Whatever happened to trade unions?


I remember the days when trade unions had the power to switch out the lights across the UK, bring the country to a standstill and bring the government to its knees. The trade unions were the power behind a Labour government and the thorn in the side of a Conservative government.  They hit the headlines day in and day out.  Little happened in politics or business without consultation with the unions and, often, their blessing.

So, what happened? Why do trade unions feel so irrelevant today?  Do they have any role to play or should they bow out gracefully?

A friend who seems to have avoided any right-ward political drift with age assures me that trade unions do, indeed, have an important role to play. But tackling pay and conditions in 2016 means drawing attention to loss of pension benefits and, less obviously, evidence of reduced life expectancy where the retirement age is extended.  (And this is in professional jobs, not manual labour – not a point I was aware of.)

Others have pointed out that trade unions have traditionally served to represent workers in their dealings with employees and that increased numbers of self-employed workers have no obvious trade union home. I struggle to get my head round a trade union for the self-employed – too much like herding cats – but a wise person pointed out that zero-hours workers could do with someone fighting their corner.

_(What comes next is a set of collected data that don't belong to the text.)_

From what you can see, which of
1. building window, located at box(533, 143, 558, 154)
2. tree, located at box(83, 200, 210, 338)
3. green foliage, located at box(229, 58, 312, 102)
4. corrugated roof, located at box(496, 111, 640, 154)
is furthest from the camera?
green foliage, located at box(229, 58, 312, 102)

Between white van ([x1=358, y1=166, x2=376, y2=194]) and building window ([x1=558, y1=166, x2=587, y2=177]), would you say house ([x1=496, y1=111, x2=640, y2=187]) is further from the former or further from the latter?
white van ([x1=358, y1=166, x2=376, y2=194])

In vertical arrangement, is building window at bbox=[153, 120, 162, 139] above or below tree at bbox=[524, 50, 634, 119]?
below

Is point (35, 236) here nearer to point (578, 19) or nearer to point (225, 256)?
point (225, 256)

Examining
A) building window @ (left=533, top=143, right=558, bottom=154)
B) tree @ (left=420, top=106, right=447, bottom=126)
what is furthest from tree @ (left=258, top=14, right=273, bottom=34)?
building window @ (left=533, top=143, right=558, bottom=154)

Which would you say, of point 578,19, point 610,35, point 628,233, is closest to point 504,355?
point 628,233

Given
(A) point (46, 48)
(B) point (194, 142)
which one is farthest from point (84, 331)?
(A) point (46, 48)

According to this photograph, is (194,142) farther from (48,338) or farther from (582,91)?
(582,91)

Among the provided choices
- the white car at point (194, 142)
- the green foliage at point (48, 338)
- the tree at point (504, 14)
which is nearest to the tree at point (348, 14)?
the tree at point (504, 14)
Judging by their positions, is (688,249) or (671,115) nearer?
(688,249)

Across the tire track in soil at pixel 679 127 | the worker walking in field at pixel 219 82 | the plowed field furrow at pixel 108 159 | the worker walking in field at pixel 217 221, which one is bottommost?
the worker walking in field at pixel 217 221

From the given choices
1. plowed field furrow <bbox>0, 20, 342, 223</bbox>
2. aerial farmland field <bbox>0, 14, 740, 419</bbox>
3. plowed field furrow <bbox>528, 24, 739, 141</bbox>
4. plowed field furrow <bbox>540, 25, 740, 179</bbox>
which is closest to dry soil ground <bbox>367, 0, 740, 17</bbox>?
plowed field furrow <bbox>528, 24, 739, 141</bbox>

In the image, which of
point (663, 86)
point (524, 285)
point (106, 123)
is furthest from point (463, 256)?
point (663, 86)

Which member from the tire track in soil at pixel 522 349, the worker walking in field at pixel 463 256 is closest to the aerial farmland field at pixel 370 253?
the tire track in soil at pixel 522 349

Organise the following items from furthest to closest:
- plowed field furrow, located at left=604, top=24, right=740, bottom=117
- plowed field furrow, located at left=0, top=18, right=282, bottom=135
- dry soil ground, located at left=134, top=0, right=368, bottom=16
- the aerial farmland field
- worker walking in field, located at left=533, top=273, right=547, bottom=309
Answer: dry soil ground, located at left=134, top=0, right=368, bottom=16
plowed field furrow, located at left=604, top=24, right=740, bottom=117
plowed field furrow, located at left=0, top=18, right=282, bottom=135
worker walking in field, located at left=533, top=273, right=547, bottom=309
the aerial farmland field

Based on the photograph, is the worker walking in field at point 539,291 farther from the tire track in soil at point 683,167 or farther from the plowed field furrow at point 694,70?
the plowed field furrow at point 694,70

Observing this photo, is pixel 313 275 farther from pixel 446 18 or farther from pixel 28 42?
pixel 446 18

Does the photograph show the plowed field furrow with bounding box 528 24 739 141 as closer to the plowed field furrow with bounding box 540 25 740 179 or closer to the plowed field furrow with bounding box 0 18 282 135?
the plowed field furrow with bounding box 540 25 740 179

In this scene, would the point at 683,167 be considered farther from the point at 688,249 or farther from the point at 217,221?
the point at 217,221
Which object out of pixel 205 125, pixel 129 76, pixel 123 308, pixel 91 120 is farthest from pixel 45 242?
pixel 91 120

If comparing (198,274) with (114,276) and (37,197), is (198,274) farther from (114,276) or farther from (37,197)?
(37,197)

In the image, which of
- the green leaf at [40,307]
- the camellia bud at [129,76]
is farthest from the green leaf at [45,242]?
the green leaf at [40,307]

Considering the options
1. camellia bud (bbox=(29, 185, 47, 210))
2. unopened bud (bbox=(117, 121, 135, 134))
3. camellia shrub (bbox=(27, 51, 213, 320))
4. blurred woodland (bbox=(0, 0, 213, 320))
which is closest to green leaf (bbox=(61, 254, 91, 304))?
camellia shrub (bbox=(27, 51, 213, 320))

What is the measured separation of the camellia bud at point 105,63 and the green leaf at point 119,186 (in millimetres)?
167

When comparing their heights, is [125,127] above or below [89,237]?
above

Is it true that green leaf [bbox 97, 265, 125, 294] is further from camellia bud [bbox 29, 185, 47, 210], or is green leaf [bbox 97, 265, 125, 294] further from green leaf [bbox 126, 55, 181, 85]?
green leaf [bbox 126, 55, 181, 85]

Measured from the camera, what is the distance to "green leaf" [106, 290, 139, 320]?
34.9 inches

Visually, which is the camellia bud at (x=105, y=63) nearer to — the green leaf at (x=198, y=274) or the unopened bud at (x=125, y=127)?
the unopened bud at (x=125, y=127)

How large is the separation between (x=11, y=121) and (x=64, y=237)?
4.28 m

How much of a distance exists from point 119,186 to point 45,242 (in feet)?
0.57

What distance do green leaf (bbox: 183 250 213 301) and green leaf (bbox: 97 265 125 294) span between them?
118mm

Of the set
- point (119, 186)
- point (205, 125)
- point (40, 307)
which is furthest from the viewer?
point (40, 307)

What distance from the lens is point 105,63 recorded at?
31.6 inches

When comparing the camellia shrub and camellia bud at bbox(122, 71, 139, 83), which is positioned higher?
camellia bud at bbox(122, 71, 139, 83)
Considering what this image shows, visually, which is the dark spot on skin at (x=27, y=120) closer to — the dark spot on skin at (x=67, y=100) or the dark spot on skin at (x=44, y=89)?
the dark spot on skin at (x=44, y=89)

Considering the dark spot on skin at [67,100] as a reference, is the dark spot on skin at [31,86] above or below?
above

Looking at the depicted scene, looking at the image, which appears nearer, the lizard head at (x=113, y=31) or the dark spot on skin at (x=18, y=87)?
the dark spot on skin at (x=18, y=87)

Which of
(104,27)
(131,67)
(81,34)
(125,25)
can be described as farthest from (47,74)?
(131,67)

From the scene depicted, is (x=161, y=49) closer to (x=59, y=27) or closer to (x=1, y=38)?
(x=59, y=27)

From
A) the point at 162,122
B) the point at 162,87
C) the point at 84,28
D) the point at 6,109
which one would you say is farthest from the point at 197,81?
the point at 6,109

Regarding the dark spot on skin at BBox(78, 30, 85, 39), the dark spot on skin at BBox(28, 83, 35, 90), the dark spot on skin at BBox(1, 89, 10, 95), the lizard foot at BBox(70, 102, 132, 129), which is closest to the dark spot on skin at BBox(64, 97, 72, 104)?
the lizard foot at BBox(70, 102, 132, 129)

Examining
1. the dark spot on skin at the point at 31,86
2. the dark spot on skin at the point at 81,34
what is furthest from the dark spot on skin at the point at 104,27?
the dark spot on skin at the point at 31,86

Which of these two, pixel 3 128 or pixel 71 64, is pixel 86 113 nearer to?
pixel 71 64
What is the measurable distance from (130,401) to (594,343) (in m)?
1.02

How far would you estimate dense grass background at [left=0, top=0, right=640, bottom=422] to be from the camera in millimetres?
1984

In a similar way to pensions being the new battleground, what can be done to help those who are caring for parents, other family members or friends? Will caring be something that people should have the right to do, without having to squeeze that – and the associated travel, phone calls in working hours and the like – into spare time?  What other issues are people facing – or starting to face – that require a concerted response?  Will a national minimum wage (however expressed) result in more pressure on employees to fit around an employer’s requirements, potentially curtailing flexibility that some staff might need?  Where should the balance sit between the rights of employers and employee rights?

In the context of these new and emerging issues, what role can trade unions play? Surely they have experience of lobbying and skill sets – beyond calling strikes – that can help to represent workers and issues relevant to them.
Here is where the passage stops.